Sector 7
- Cover
- Author: David Wiesner
- Illustrator: David Wiesner
- Genre: Picture book
- Publisher: Clarion Books
- Publication date: 1999
- ISBN: 978-0-395-74656-1
- OCLC: 36147202

= Sector 7 (book) =

1999 picture book by David Wiesner

Sector 7 is a wordless picture book created and illustrated by David Wiesner. Published in 1999 by Clarion Books, it was the recipient of the Caldecott Honor for illustration in 2000.

==Summary==

The story is set at the Empire State Building's observatory, where a class of school children are on a field trip on a cloudy day. The primary character is a boy befriended by a friendly sentient cloud. The cloud flies the boy to Sector 7, an airborne depot for clouds. There the boy produces blueprints of fantastic new designs, in the form of ocean creatures, for the disgruntled clouds. As the clouds experiment, they delight in their new forms.
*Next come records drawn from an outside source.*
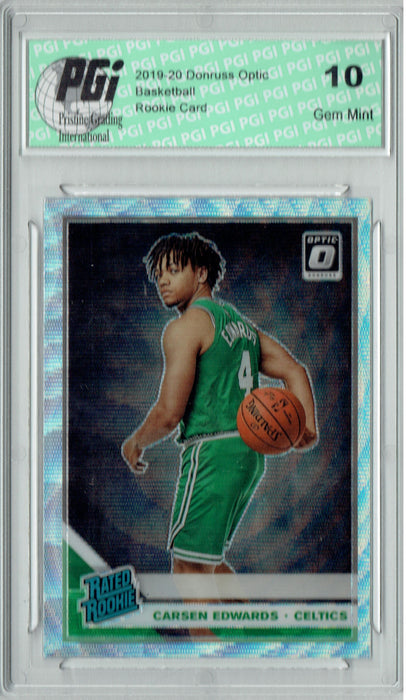 Carsen Edwards 2019 Fanatics Optic #196 Silver Wave Rookie Card PGI 10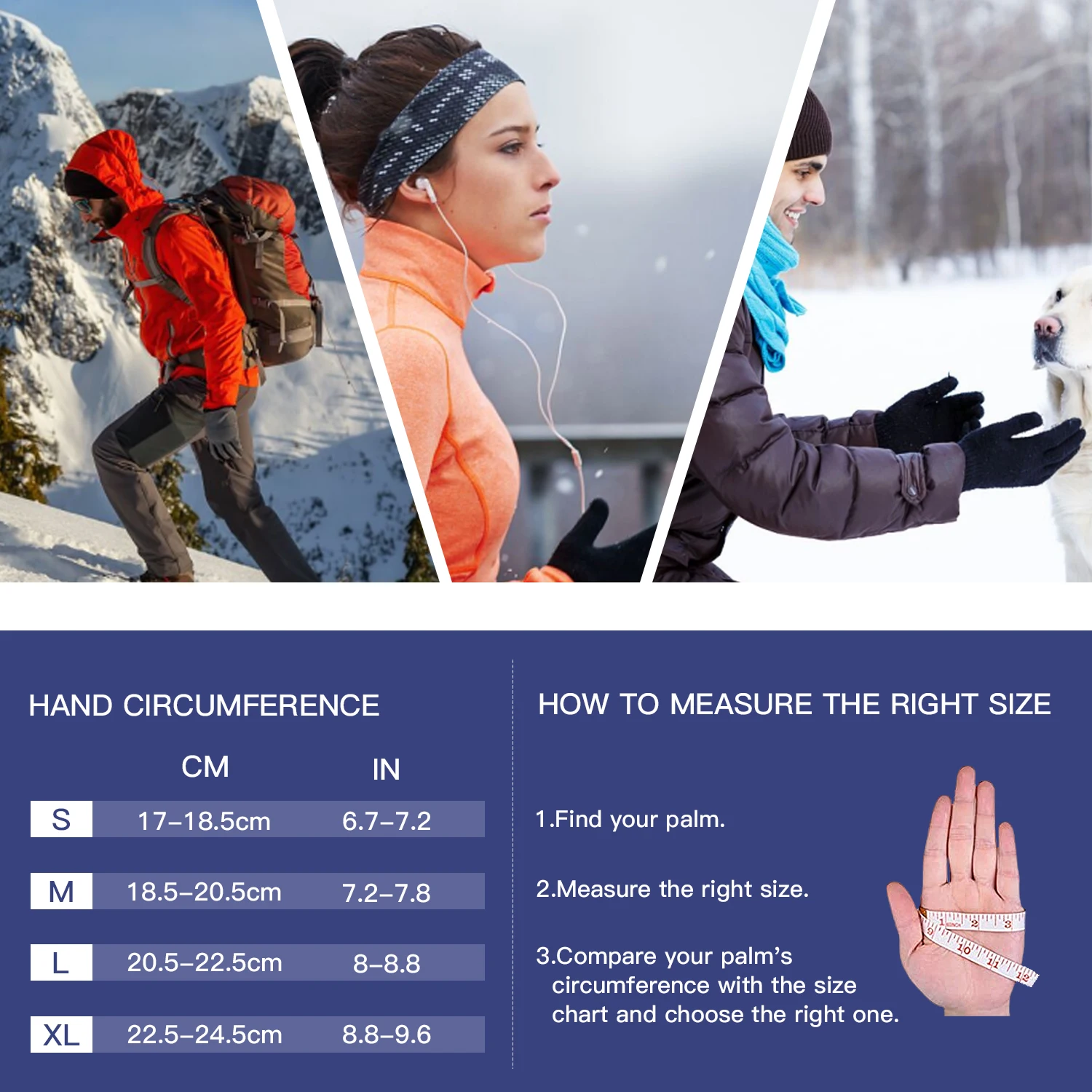 3M Thinsulate Waterproof Men’s Women’s Winter Cycling Gloves Thermal Touchscreen Ski Gloves for Running Outdoor Sports Gloves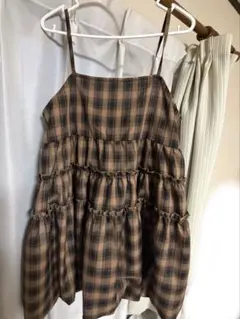 【w closet】 ビスチェ チェック柄 フリル F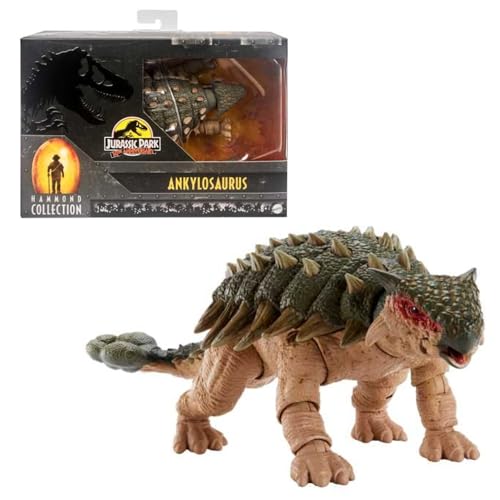 Mattel JURASSIC WORLD Ankylosaurus - Premium Dinosaurier-Sammelfigur mit 20 Bewegungspunkten und authentischem Design, für Sammler und Fans ab 8 Jahren, HLT25 von Mattel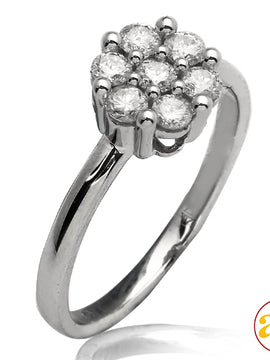 14KW 0.50 CTW FLOWER LADIES  RING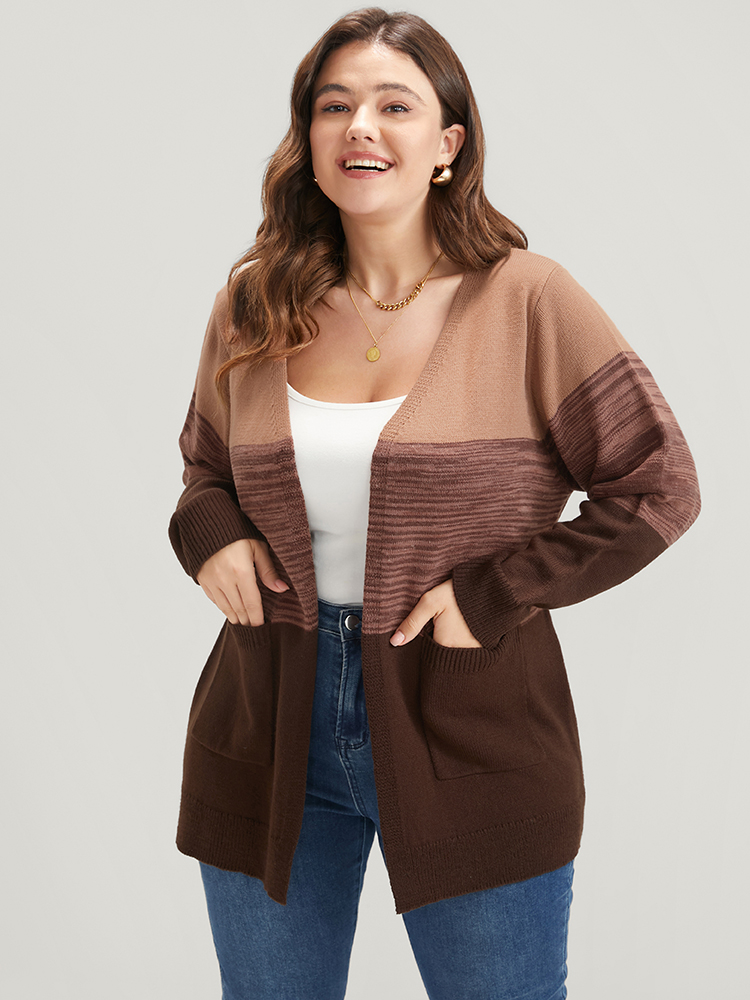 

Plus Size Colorblock Contrast Pointelle Knit Pocket Belted Open Front Cardigan Multicolor Women Casual Loose Long Sleeve Dailywear Cardigans BloomChic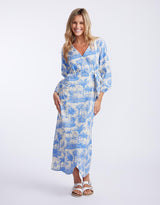 Florencia The Label - Porter Wrap Maxi Dress - Blue Palm Print - paulaglazebrook Dresses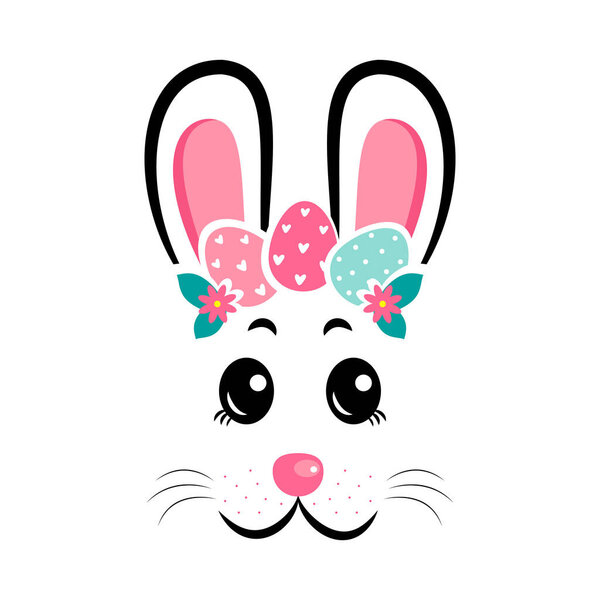 Лицо пасхального кролика с венком из яиц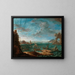 a Coastal landscape with ships and figures - Lodovico Mattioli — framed artwork on a wall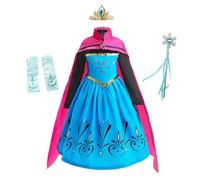 Lito Angels Costume Incoronazione con Mantello e Accessori Principessa Elsa per Bambina, Vestito da Regina delle Nevi Regno di Ghiaccio, Taglia 3-4 Anni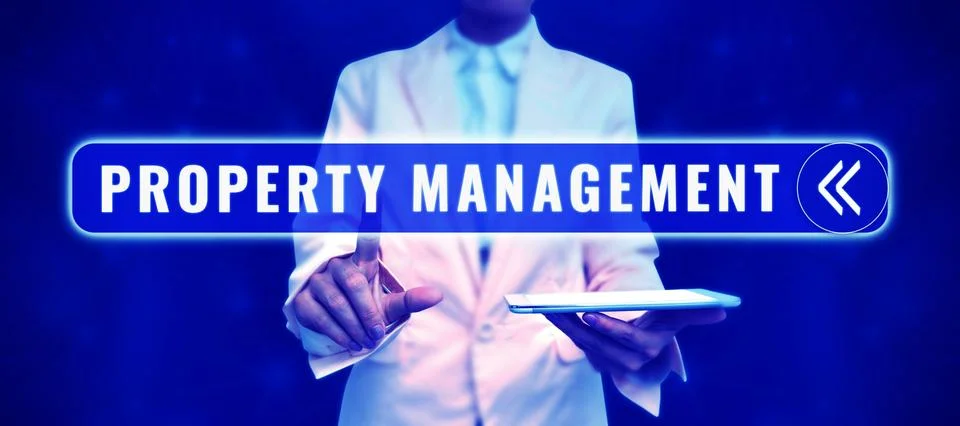 Text caption presenting Property Management. Concept meaning Overseeing of Real Stock Photos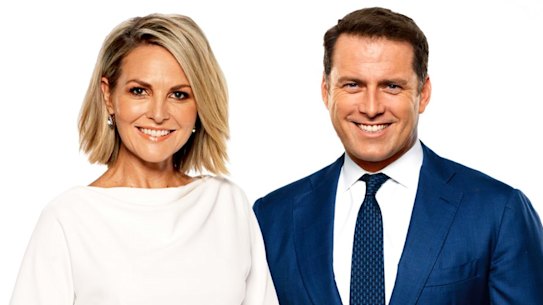 Karl Stefanovic, right, with Today host Georgie Gardner.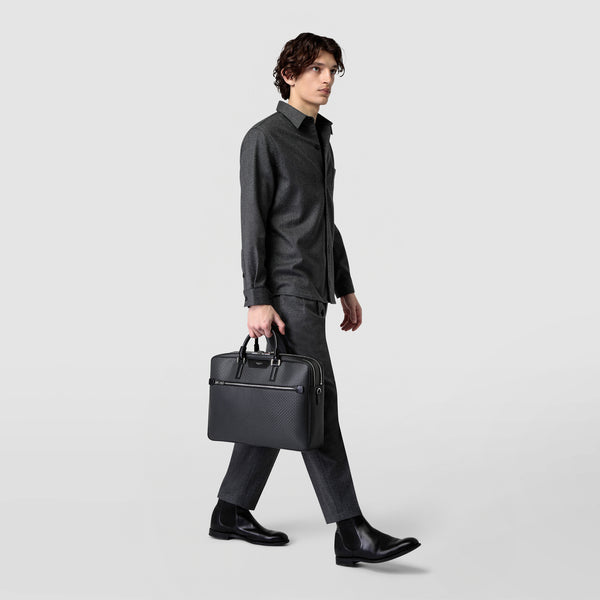 Double gusset briefcase in stepan - asphalt gray/black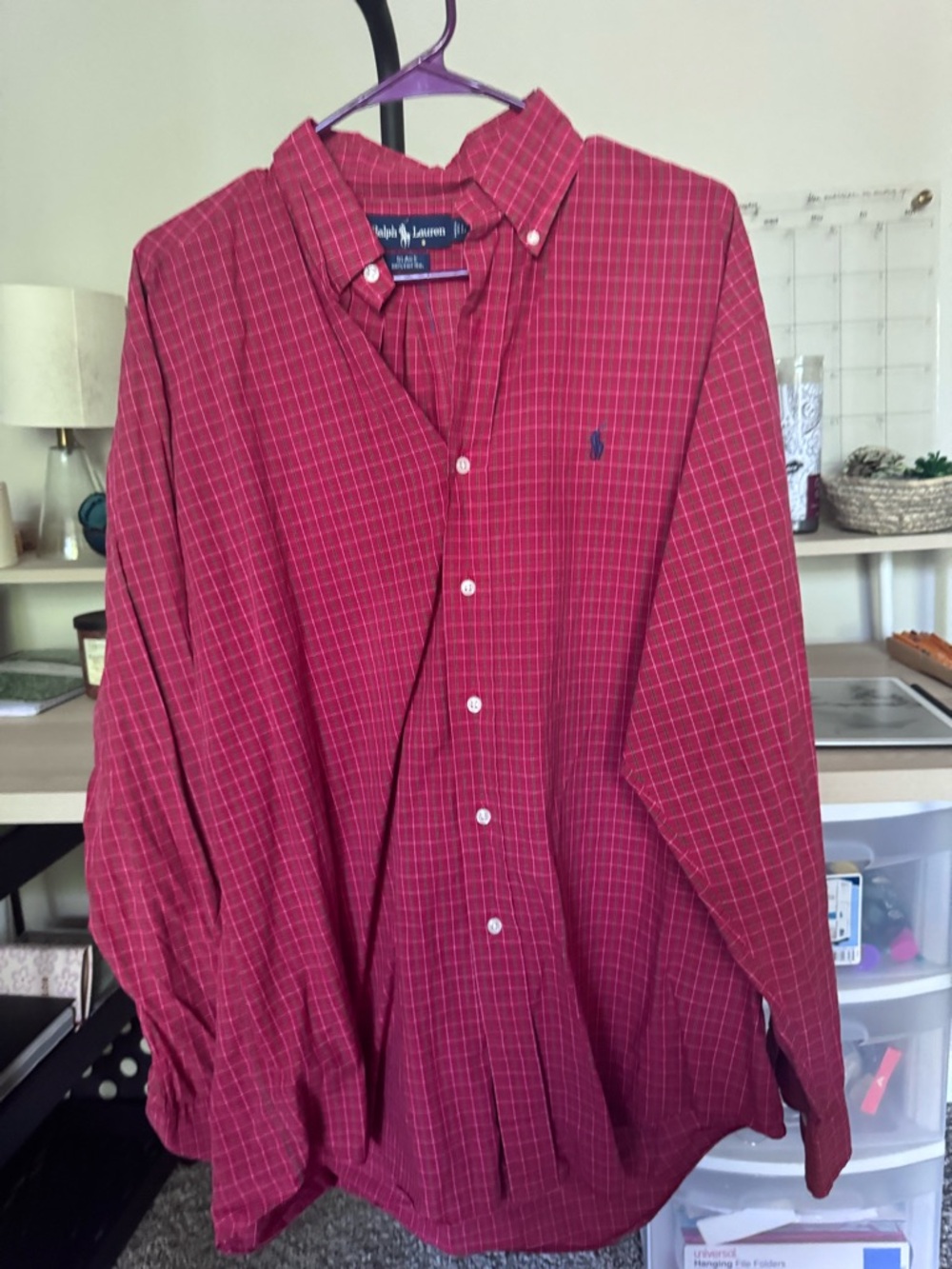 Ralph Lauren Red Windowpane Button-Down Shirt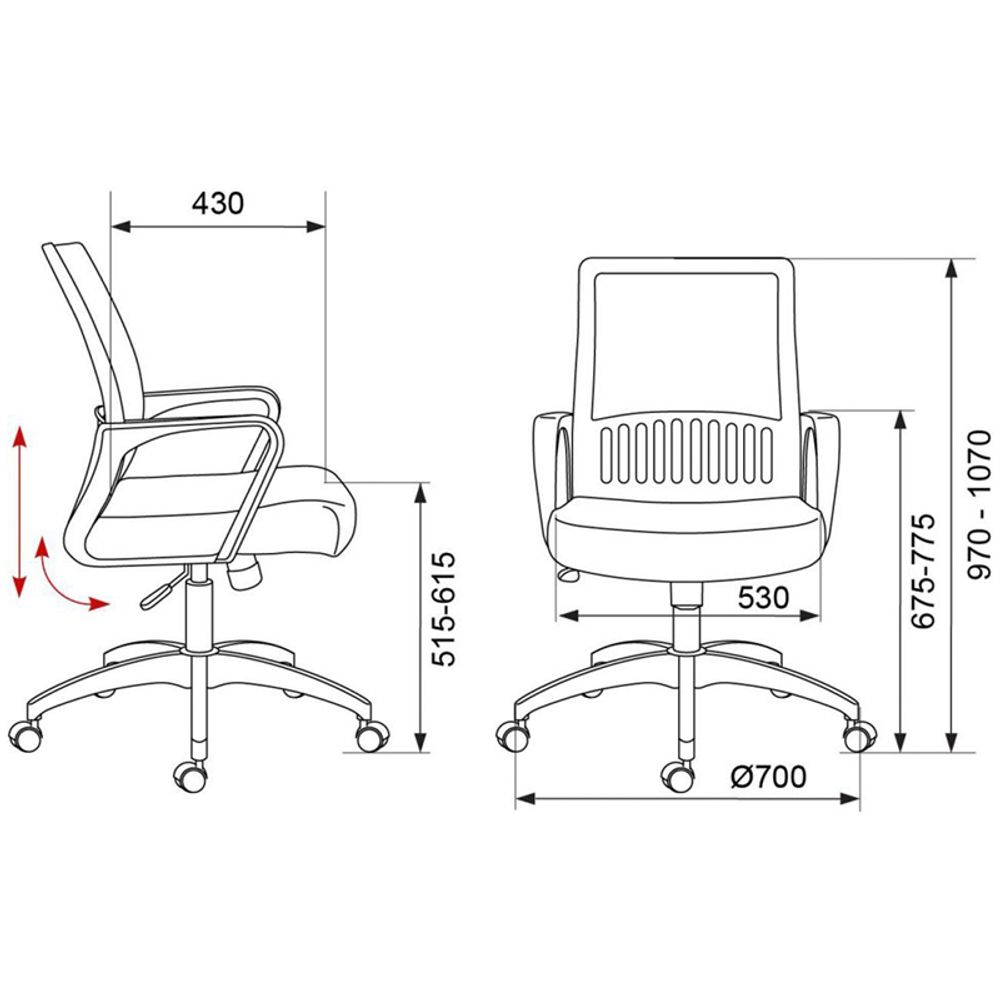Кресло оператора Бюрократ MC-201, PL, спинка сетка черный, сиденье ткань-сетка черный TW-11, механизм качания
The human bureaucrats running the cloud depot are furious when they discover the clouds' misbehavior, and they escort the boy back to the observatory. Meanwhile, the clouds' rebelliousness spirals out of control. As the children return home on a school bus, the New York skyline becomes filled with a profusion of clouds in the shapes of aquarium fish and ocean creatures.

==Planned film adaptation==
In May 2000, Nickelodeon won a bidding war against Pixar in acquiring the film rights to the novel Sector 7 with Darren Aronofsky attached to direct and Good Machine as co-producer. As of April 2019, the project remains in development hell.